Activity. When you reach the line with "this 1270×952 image.", start repeating the lines exactly and keep going to the end of the records, but drop every picture.

Dataset extract.
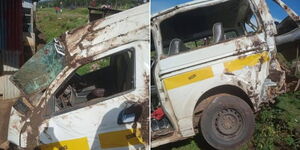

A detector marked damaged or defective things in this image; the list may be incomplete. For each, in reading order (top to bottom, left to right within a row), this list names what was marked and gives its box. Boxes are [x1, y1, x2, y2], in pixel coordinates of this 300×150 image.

exposed vehicle interior [161, 0, 258, 55]
shattered windshield [10, 38, 67, 95]
wrecked minibus [7, 3, 150, 150]
exposed vehicle interior [48, 49, 135, 112]
wrecked minibus [151, 0, 300, 149]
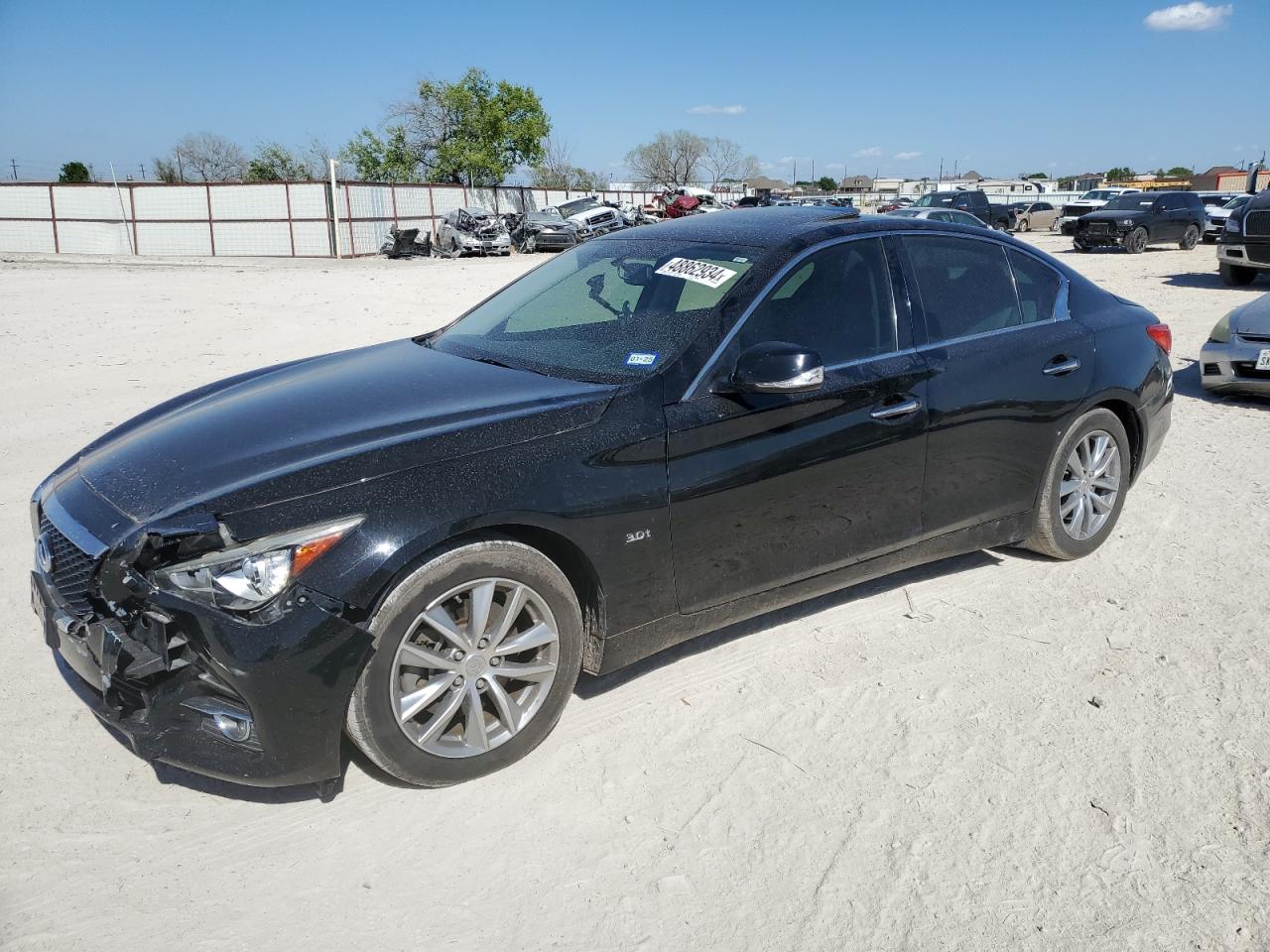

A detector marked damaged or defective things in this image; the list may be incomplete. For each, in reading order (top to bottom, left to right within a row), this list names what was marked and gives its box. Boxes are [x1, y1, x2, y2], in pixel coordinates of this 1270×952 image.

crushed front end [30, 477, 370, 791]
damaged front bumper [31, 531, 370, 791]
broken headlight [155, 518, 363, 614]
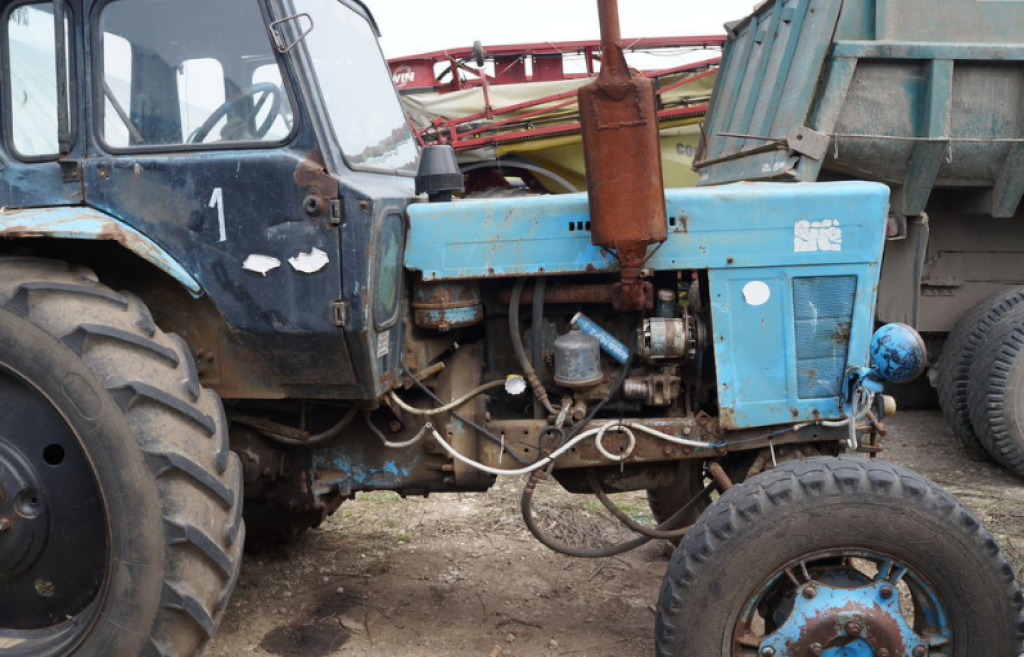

Result of this task.
A detector marked damaged or defective things in this image; the list may be incomplete. For each, in reading order (top to bottom, left to right within a row), this list names what was marked and gives its box. Boxes are [x1, y1, x2, y2], in pixel coordinates of this 1270×952 image.

crushed front end [30, 477, 370, 791]
damaged front bumper [31, 531, 370, 791]
broken headlight [155, 518, 363, 614]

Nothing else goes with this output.